What can go wrong composing systems? #

Naturally, when you change that boundary, the secure boot property may no longer hold. Continuing with our previous example, say we want to add WiFi connectivity to our smart watch. For this, we add an additional adjacent processor B that implements the WiFi functionality. We can model this case by the following system, slightly more complex than the previous one:

              system S2
             ┌───────────────────────────────────────────────────────┐
             │                                                       │
             │       ┌───────────────┐       ┌───────────────┐       │
outer world  │       │               │       │               │       │
      ◄──────┼──────►│  processor B  │◄─────►│  processor A  │       │
             │       │               │       │               │       │
             │       └───────────────┘       └───────────────┘       │
             │                                                       │
             └───────────────────────────────────────────────────────┘

Assume that B is an MCU without secure boot. (After all, all the “security critical” functionality lives in A.) Assume there’s an exploitable vulnerability in B. Since there’s no secure boot, that means the attacker can persist in B. They can arbitrarily modify B’s firmware. In particular, they can use B as a launchpad to attack A, at runtime, on every boot. This does not strictly violate A’s secure boot property, but the upshot is that A will be compromised on every boot. This is indistinguishable from persistence!

This is a cute example of this phenomena: secure boot does not necessarily compose well. Let’s think about this more thorough.

Composing rules #

We can reason about the following rules:

  1. When the system is composed of all secure-boot enabled components, the system as a whole has secure boot. (This is a very rough rule.
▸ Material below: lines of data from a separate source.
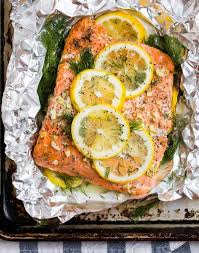 If cooking a light meal is your goal, cooking in a sealed aluminum foil packet is great. Grilled Salmon In Foil Easy And Perfect Every Time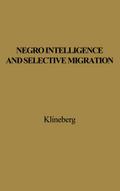Negro Intelligence and Selective Migration.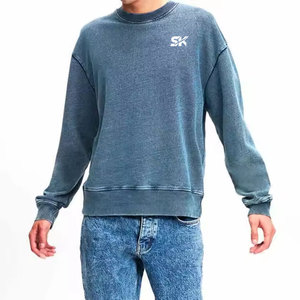 Servicio OEM, Sudadera con Efecto Ácido para Hombre al por Mayor, Último Diseño, Hecho en Pakistán, Sudadera con Efecto Ácido - Product Image 1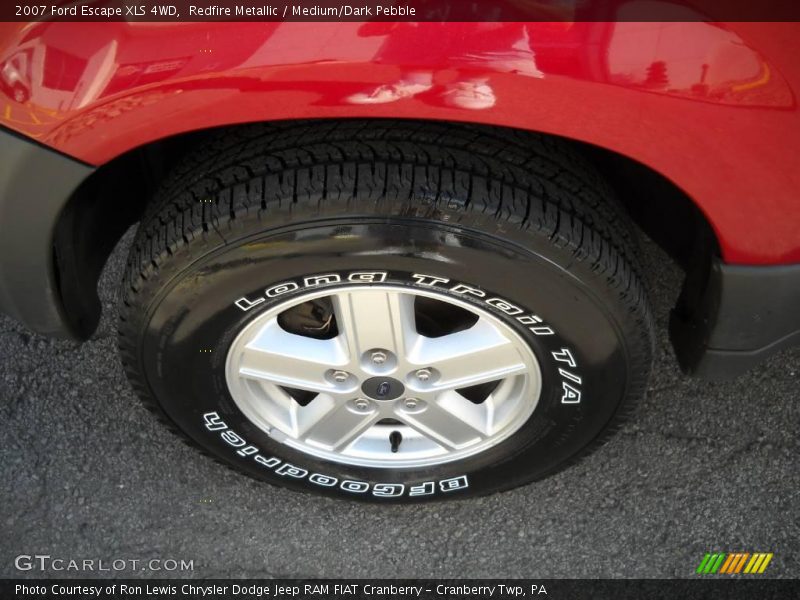 Redfire Metallic / Medium/Dark Pebble 2007 Ford Escape XLS 4WD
In reality we need to be precise: we need to define clearly the boundary, we need to assume legitimate FW from A doesn’t try to compromise legitimate FW from B, we need to ensure all components boot at the same time, etc…)

  2. As soon as at least one processor does not have secure boot, the system cannot “automatically” claim secure boot.

Practical design principles #

Rule 2 is too strict in real life. In a moderately complex system, it’s not realistic to demand all 100% components have secure boot. (For example, if you’re an OEM, there might be peripherals with MCUs with opaque (and likely shitty!) FW beyond your control – for example screen controllers, network cards, etc)

We need to relax a bit and be pragmatic. Things that can help:

  • capability of the non-secure boot device B: does it have enough memory/power to host an attack against A?
  • connectivity: is B well connected to A?
  • what’s A’s attack surface to B? Can you put some extra eyes in that code to mitigate the risk of a run-time compromise of A from B? Is it parsing packets? How? Does it make sense to trigger a reboot after handling this?

Sometimes it’s helpful to think secure boot isn’t a binary property…

Recovery from a compromise #

This is always useful to think about:

  • in the event of a B compromise: can you still push an update to A?
  • can B ever block A’s network path to prevent A from getting FW updates? Can B tamper A’s “last FW version available” packets? I’m assuming A has some freshness guarantees on this information… :-)
  • can A update B? Ideally A can control B’s firmware

Takeaways #

  1. secure boot should not be considered in total isolation component by component, but is a system property, tied to a boundary. The interconnection between secure boot-enabled processors is important. This means, secure boot doesn’t compose automagically
  2. roughly, if there’s any component that doesn’t have secure boot, the whole system cannot claim secure boot
  3. even if this is a “theoretical” result, we have ways to qualify this result, live with it and live happily with imperfect systems.